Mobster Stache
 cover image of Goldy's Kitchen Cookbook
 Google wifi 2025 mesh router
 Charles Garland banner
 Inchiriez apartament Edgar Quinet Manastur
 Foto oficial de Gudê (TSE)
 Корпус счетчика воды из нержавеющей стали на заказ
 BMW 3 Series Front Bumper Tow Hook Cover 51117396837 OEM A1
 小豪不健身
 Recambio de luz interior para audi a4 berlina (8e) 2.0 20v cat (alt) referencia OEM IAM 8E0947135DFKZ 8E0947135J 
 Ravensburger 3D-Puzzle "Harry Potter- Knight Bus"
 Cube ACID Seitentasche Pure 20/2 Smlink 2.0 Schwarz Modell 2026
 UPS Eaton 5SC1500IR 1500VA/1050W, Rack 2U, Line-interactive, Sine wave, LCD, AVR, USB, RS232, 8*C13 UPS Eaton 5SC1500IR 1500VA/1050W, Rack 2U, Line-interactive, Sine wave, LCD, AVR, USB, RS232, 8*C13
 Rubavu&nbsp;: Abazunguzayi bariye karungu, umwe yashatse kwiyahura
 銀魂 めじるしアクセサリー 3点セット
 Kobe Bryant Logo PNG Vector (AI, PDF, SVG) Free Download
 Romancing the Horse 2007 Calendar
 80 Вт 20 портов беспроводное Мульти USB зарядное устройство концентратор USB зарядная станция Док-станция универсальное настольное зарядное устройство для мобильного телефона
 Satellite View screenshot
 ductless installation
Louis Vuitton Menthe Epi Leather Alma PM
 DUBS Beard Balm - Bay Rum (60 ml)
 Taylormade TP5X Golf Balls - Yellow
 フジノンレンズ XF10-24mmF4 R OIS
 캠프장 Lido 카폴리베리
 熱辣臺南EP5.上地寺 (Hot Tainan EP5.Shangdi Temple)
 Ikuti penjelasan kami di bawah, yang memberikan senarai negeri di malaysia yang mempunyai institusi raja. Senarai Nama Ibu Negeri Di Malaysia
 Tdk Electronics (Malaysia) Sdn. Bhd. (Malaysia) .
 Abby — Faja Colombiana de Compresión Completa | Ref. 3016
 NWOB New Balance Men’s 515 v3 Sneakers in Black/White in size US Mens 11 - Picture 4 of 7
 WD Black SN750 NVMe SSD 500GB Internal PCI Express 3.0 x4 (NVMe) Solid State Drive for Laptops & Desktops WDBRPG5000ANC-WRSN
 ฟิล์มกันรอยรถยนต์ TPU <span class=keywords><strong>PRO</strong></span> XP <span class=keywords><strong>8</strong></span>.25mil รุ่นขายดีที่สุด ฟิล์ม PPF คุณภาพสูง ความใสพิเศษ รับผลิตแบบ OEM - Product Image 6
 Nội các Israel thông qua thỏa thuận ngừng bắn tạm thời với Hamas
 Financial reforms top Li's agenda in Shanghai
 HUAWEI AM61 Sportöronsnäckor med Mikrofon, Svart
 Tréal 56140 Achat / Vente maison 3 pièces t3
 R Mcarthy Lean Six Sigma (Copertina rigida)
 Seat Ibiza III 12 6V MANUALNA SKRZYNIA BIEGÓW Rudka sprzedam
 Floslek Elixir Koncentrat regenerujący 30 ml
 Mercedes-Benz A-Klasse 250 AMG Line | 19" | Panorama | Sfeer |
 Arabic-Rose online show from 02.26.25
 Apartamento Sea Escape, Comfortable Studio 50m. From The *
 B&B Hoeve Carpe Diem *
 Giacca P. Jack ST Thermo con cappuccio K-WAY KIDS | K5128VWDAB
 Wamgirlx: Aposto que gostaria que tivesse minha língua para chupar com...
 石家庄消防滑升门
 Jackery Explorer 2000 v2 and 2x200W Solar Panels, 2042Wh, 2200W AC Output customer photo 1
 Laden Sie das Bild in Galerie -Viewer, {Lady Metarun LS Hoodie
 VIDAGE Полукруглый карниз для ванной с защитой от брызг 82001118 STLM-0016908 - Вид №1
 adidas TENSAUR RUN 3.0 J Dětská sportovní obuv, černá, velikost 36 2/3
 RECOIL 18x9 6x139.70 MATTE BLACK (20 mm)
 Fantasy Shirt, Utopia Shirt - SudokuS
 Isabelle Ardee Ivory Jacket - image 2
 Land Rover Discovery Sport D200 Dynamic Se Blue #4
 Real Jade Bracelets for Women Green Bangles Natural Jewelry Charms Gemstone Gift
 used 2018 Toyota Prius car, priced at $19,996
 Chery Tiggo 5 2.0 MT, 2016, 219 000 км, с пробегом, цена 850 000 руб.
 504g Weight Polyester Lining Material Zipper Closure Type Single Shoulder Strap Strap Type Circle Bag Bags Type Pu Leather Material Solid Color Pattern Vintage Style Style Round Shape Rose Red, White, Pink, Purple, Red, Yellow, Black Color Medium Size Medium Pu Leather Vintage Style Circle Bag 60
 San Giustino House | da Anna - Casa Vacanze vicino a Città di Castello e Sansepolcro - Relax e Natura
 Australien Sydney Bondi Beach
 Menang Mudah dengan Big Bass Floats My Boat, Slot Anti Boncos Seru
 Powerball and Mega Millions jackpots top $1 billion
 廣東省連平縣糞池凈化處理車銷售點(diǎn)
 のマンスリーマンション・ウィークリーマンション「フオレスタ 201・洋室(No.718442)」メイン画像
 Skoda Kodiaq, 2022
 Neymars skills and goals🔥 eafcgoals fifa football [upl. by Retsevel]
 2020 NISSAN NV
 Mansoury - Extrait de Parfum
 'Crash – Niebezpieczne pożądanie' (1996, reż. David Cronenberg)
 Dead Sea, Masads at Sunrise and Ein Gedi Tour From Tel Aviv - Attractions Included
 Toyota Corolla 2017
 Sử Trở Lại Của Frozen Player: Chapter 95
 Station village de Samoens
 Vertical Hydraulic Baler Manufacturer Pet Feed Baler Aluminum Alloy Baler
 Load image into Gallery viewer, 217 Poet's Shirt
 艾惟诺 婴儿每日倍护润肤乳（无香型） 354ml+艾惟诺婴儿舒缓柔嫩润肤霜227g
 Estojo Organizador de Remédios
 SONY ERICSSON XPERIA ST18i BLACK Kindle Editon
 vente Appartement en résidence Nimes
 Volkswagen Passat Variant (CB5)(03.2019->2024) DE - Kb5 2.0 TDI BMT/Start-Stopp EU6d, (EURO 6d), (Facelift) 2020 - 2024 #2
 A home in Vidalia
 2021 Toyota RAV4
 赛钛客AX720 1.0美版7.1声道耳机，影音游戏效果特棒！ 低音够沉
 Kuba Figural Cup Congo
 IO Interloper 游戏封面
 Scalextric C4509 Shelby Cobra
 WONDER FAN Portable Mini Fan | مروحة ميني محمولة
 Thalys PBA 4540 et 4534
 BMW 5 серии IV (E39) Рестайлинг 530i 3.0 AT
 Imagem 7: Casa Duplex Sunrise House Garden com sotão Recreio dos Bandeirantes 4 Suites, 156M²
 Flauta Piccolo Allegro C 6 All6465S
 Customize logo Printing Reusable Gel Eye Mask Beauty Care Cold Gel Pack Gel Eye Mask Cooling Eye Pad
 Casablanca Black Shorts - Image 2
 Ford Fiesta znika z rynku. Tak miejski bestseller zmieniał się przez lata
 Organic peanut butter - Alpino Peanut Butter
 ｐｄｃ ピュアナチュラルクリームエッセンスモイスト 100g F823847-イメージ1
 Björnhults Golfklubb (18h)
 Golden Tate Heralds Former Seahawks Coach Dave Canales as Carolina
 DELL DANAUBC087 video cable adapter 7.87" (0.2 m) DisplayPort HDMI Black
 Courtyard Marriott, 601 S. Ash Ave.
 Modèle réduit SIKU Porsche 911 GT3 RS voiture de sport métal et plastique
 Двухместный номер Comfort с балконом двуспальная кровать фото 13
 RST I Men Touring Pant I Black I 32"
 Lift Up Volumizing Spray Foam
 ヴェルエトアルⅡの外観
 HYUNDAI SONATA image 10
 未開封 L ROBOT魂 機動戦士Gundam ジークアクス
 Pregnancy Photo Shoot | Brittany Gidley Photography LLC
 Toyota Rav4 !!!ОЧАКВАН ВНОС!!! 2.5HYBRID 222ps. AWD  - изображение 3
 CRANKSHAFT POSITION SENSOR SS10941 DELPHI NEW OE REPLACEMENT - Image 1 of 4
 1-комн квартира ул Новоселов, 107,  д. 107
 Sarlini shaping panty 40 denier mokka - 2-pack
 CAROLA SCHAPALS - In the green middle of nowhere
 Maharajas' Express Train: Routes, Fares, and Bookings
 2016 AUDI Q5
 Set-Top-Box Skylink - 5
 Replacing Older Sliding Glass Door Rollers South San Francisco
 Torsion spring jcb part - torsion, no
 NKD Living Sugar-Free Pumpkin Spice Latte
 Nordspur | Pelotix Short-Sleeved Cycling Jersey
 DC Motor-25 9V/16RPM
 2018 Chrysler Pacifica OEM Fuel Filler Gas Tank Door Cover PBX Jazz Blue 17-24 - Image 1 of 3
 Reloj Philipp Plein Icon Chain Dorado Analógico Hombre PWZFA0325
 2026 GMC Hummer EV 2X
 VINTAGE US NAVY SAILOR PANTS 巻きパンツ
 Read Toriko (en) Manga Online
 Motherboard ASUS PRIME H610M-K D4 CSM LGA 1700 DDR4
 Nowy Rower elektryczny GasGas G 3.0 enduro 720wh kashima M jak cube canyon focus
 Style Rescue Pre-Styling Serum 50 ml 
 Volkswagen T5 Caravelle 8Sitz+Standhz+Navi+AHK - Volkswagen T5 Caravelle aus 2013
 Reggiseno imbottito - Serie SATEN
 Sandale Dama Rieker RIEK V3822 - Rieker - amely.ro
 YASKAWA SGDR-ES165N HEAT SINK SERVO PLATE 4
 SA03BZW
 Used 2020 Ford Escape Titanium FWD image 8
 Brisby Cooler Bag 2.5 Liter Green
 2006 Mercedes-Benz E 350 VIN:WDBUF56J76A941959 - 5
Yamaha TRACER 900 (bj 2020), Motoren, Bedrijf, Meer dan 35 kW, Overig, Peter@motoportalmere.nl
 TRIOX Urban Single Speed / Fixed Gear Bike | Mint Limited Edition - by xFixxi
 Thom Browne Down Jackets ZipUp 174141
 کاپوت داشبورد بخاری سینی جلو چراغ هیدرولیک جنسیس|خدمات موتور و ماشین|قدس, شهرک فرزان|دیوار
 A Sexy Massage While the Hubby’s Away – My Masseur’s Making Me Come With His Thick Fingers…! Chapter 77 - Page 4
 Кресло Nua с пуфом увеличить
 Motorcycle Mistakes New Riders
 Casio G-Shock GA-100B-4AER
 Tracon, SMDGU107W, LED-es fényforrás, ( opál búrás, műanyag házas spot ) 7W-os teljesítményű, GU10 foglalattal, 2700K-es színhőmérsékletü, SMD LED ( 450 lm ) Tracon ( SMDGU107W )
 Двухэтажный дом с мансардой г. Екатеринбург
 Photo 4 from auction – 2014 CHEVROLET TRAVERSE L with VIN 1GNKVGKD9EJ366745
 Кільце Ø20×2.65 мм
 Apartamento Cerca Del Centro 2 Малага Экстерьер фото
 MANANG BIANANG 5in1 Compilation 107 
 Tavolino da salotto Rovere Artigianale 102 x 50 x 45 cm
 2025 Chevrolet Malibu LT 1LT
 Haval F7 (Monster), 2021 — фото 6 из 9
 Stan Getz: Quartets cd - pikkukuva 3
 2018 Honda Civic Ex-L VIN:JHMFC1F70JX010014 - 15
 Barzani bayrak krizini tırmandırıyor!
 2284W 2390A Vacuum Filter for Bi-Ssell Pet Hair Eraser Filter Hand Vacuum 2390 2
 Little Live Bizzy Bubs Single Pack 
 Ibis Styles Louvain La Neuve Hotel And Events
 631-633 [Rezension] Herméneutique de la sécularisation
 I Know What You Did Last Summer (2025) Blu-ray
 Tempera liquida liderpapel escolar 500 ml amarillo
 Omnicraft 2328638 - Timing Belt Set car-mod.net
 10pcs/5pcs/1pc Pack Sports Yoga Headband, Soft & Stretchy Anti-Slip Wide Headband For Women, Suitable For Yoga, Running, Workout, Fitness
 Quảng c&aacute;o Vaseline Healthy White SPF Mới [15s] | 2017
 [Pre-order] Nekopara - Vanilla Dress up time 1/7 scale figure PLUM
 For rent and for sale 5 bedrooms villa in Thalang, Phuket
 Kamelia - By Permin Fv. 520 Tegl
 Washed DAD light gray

[What is being asked] Out of the data above, give again only the lines starting at the one holding "2020 NISSAN NV" and ending at the one holding "Station village de Samoens", unchanged.

[Solution to this exercise]
 2020 NISSAN NV
 Mansoury - Extrait de Parfum
 'Crash – Niebezpieczne pożądanie' (1996, reż. David Cronenberg)
 Dead Sea, Masads at Sunrise and Ein Gedi Tour From Tel Aviv - Attractions Included
 Toyota Corolla 2017
 Sử Trở Lại Của Frozen Player: Chapter 95
 Station village de Samoens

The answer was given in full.